Using the segmented images collected, as depicted in Table 2, as inputs we created and trained 3 feed forward neural networks which have two hidden layers each, for LP digits classification (digits 0 to 9), for LP region codes classification (AA, AM, OR, TG, ET) and for the LP identifier classification (digits 1 to 5). In all of the 3 artificial neural networks, we have used a gradient descent with momentum and adaptive learning rate back-propagation algorithm and log-sigmoid transfer function (Fig. 6).

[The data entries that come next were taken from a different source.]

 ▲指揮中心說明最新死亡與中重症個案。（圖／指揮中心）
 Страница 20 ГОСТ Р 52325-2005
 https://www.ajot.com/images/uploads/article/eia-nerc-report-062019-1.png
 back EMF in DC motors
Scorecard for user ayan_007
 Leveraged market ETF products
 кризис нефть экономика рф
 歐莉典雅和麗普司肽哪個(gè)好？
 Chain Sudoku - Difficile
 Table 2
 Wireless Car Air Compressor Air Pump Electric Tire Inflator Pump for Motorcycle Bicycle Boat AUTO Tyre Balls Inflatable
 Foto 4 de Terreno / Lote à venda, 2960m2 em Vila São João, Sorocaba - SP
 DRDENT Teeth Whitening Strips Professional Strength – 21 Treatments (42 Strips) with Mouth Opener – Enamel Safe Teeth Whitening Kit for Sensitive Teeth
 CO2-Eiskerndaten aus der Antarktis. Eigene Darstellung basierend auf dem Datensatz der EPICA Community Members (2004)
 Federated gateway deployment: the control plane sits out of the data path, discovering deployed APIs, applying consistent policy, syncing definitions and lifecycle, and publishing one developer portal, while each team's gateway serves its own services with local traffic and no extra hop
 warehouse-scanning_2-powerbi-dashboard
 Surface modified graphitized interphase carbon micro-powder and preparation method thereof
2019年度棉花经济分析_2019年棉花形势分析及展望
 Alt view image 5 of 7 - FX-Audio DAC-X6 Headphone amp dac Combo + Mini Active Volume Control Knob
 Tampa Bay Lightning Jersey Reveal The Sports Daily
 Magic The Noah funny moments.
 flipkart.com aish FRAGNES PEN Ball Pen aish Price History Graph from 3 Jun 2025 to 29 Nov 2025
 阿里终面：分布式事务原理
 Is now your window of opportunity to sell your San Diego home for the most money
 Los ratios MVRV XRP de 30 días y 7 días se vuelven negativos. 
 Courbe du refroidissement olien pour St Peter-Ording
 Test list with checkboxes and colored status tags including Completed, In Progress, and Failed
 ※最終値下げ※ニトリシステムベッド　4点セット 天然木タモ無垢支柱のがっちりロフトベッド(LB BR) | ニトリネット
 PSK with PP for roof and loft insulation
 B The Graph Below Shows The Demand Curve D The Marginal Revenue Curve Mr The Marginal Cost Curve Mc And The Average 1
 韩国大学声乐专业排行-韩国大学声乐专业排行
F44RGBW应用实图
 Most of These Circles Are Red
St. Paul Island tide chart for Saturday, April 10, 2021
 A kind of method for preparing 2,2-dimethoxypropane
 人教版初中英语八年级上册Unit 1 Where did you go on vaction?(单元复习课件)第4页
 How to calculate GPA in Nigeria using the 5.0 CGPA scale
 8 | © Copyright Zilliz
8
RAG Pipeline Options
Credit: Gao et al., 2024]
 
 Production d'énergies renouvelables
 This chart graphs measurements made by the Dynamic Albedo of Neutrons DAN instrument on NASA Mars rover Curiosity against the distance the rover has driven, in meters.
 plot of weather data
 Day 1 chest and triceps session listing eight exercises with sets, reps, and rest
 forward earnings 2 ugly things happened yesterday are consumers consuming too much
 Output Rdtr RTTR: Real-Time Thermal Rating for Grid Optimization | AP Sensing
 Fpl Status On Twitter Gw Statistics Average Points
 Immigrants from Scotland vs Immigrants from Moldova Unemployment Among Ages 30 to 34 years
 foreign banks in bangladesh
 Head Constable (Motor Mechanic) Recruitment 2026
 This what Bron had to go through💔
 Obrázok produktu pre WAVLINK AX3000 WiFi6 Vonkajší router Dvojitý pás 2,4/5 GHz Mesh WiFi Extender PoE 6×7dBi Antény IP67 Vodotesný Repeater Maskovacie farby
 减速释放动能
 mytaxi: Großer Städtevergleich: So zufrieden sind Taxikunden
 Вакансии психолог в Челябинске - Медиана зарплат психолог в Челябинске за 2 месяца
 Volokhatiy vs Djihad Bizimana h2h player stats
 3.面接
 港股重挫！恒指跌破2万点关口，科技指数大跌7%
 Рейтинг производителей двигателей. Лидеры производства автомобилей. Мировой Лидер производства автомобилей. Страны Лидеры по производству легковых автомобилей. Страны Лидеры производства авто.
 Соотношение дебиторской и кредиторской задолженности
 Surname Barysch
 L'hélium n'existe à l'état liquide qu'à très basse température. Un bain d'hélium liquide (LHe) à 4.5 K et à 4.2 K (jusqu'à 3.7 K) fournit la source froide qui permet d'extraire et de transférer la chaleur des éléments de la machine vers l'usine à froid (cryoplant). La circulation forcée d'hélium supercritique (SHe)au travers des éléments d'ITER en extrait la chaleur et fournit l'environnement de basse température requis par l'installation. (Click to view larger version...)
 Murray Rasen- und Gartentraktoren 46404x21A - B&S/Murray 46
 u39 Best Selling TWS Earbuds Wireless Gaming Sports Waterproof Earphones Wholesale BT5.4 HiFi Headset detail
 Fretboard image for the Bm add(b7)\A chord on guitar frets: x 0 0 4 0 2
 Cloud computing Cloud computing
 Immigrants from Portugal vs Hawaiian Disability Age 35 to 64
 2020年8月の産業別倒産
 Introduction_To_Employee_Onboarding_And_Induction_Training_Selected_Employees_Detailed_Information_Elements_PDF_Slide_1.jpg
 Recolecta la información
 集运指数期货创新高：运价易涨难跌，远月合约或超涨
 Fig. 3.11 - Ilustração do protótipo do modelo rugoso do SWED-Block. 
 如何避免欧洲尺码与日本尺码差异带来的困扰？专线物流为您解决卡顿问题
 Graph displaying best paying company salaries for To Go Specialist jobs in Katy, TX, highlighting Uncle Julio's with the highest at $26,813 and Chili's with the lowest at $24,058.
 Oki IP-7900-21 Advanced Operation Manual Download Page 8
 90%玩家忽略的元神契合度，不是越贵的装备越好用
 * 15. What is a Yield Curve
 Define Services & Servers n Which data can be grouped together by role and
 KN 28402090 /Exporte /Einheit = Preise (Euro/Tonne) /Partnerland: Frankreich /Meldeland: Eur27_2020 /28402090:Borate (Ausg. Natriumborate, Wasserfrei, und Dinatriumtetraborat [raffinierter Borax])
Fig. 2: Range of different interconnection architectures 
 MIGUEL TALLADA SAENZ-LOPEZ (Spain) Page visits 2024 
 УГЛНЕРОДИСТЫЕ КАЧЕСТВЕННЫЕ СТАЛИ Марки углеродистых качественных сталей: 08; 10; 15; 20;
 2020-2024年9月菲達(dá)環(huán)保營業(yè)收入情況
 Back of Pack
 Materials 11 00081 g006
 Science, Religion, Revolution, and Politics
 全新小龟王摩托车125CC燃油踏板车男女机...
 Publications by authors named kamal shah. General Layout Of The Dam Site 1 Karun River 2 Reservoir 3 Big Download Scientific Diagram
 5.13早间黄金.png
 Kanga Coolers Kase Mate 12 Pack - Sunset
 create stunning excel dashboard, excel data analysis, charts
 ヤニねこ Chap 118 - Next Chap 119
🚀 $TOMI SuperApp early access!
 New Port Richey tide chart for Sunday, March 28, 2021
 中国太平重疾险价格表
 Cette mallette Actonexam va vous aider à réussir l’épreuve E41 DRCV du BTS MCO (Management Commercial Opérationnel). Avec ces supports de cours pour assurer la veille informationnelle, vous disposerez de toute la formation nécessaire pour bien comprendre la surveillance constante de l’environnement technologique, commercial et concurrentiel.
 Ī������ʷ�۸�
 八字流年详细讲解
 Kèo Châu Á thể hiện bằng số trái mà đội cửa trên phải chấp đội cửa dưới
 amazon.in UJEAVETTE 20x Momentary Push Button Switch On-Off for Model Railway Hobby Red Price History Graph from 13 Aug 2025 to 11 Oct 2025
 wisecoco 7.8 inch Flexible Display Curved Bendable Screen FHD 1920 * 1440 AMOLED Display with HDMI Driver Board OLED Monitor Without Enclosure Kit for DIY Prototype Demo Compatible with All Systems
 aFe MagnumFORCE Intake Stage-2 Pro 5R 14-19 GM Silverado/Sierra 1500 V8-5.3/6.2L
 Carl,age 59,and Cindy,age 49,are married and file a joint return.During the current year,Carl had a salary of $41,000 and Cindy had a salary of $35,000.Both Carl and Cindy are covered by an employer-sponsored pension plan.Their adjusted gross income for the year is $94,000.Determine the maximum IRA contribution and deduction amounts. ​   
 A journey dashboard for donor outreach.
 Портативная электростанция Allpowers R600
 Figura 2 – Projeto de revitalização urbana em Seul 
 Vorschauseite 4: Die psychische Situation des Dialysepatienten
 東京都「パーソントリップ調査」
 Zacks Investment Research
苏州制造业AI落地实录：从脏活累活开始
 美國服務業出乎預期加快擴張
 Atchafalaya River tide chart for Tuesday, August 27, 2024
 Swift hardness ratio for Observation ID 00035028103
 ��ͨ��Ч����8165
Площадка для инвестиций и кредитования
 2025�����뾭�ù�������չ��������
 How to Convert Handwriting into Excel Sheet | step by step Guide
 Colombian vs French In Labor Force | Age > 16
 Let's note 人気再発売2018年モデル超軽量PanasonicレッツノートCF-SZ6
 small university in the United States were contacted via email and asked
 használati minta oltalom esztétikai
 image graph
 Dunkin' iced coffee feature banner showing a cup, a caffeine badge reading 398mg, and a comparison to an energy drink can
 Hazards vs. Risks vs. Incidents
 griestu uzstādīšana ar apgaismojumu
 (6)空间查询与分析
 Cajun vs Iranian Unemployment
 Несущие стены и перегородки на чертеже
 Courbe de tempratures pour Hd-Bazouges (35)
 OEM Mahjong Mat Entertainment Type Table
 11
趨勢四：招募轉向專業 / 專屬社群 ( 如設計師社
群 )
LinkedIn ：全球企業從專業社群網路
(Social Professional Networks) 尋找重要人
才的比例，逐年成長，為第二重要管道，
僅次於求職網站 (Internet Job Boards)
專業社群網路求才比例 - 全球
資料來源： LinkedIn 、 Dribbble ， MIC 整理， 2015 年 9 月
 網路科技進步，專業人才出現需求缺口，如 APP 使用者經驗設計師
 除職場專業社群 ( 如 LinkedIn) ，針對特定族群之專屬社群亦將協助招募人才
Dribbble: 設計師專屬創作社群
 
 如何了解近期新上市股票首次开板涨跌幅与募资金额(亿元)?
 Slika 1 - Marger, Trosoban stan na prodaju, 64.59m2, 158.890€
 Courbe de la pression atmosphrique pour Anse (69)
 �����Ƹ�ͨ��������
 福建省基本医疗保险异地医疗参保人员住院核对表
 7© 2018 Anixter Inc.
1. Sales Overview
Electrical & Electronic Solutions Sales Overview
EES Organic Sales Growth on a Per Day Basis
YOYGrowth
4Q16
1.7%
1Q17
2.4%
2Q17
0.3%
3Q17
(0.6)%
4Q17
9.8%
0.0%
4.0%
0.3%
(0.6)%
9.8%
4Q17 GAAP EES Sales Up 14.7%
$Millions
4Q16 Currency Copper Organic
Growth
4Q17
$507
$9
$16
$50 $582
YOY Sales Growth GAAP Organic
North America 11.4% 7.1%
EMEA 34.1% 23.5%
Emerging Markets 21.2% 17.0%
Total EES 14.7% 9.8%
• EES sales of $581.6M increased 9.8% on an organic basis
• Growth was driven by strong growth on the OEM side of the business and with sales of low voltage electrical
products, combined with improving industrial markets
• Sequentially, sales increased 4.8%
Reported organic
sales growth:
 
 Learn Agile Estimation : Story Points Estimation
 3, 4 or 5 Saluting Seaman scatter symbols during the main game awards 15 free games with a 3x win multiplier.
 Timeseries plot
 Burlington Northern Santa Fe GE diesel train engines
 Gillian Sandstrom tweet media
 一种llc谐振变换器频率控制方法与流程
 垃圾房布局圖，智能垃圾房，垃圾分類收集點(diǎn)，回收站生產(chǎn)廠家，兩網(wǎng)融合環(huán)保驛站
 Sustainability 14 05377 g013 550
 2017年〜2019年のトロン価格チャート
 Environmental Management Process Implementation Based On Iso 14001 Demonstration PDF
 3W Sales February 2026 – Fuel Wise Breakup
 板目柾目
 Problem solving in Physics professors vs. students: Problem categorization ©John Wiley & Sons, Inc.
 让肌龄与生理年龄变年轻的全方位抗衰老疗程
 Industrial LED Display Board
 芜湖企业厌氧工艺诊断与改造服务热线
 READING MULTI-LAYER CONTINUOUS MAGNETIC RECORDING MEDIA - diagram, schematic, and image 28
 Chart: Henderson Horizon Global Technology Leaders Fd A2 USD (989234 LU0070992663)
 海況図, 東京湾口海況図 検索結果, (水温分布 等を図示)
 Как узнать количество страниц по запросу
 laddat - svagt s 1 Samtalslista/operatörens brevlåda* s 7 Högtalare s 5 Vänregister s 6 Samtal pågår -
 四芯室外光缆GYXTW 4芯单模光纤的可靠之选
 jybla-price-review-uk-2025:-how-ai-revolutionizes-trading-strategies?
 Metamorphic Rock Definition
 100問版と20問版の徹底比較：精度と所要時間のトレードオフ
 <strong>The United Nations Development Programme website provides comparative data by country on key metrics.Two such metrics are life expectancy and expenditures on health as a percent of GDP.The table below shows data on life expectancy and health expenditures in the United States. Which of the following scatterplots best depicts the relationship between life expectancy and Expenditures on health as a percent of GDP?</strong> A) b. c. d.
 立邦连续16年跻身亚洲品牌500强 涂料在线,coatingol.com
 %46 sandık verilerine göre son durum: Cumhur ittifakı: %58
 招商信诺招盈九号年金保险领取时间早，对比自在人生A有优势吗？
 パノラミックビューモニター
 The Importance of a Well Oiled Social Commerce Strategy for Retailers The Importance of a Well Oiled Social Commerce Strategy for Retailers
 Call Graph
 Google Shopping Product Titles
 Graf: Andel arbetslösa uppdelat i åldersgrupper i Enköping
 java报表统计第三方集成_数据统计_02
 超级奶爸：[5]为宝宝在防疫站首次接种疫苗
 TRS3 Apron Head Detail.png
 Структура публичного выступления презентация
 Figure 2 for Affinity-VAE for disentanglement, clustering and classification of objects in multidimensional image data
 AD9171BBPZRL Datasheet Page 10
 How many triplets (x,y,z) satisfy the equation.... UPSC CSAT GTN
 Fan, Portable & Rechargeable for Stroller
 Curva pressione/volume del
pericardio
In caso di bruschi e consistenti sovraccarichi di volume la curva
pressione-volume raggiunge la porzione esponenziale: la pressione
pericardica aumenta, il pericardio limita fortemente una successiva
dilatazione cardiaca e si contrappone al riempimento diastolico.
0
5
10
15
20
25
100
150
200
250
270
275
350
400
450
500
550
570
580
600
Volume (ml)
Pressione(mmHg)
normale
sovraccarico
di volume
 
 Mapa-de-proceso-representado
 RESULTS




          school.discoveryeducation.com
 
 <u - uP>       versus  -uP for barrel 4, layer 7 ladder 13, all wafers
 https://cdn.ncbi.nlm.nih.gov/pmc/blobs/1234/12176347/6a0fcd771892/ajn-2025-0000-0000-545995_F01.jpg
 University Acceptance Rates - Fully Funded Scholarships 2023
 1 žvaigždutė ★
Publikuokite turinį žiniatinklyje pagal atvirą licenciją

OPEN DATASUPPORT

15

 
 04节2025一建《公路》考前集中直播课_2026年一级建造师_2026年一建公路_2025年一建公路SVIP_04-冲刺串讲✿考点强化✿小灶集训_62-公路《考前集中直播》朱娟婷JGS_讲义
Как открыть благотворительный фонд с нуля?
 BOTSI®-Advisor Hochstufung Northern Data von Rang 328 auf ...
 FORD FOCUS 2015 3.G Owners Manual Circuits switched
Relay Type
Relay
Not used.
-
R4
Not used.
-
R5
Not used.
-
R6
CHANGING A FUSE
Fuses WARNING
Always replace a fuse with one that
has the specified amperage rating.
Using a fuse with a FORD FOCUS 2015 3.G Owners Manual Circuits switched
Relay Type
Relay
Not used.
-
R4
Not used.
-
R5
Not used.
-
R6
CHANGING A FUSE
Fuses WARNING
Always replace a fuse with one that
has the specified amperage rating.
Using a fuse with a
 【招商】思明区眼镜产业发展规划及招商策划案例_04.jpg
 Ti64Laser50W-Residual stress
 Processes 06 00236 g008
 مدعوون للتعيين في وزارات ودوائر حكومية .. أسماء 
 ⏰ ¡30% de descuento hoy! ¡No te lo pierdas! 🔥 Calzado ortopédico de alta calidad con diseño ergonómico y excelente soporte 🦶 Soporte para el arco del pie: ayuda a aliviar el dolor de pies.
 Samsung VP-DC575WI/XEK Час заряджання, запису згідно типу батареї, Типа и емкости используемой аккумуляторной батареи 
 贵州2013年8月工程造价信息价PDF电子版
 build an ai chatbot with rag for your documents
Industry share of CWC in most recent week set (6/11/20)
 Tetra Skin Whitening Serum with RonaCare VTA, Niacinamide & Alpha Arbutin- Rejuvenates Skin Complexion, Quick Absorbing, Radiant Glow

Table 2. Extracted/Isolated characters
Fig. 6.
figure 6

An example of a segmented neural network input character

Figure 7 is an example showing input, output and hidden layer nodes for the first neural network using the input image shown in Fig. 8. We have resized the images of the characters to 7 × 5 pixels (height = 7 and width = 5), so as to have 35 input pixels to the neural network architecture.

Fig. 7.
figure 7

Feed forward back-propagation neural network for identifying digits 0 to 9.

3.7 Notification

From the above steps we have acquired the LP identifier, region code and LP digits, which make up the LPN together. If an LPN was not found to be on the list of vehicles that have passed the annual mechanical inspection or if it was previously stored in a black list of LPs, a traffic police or a person in charge will be notified of the LPN. To facilitate this action, an android device has to be connected to a Personal Computer (PC), on which the MATLAB LPN recognition program is running, in USB debugging mode. The PC and the android device communicate through Android Debug Bridge (ADB) utility. Java program (which runs on the PC) is written to send an SMS of suspected LPNs, which it has accepted from the MATLAB program, using ADB through the connected android mobile device. SMS is used to send the LPN of the illegal car to the person in charge. Because of its reliability SMS based notification is chosen, it can even work in a very remote area where other access networks are hard to get.

4 Conclusion

It can be inefficient to manually keep track of vehicles on a busy road or parking lot. In order to overcome this problem, the ILPR is very helpful. Given an input image of a vehicle the ILPR should identify its LPN using ANN, undergo a comparison with previously stored database and send an SMS to a nearby traffic police if the detected LPN is found to be of a suspect vehicle. There may be commercial solutions available to automatic LP recognition which use different algorithms in other places, but the main purpose of our work is to develop a solution that also helps traffic police or any other concerned body identify a suspect vehicle automatically with a cheap or no price in order to minimize the death or injury which is reported every year.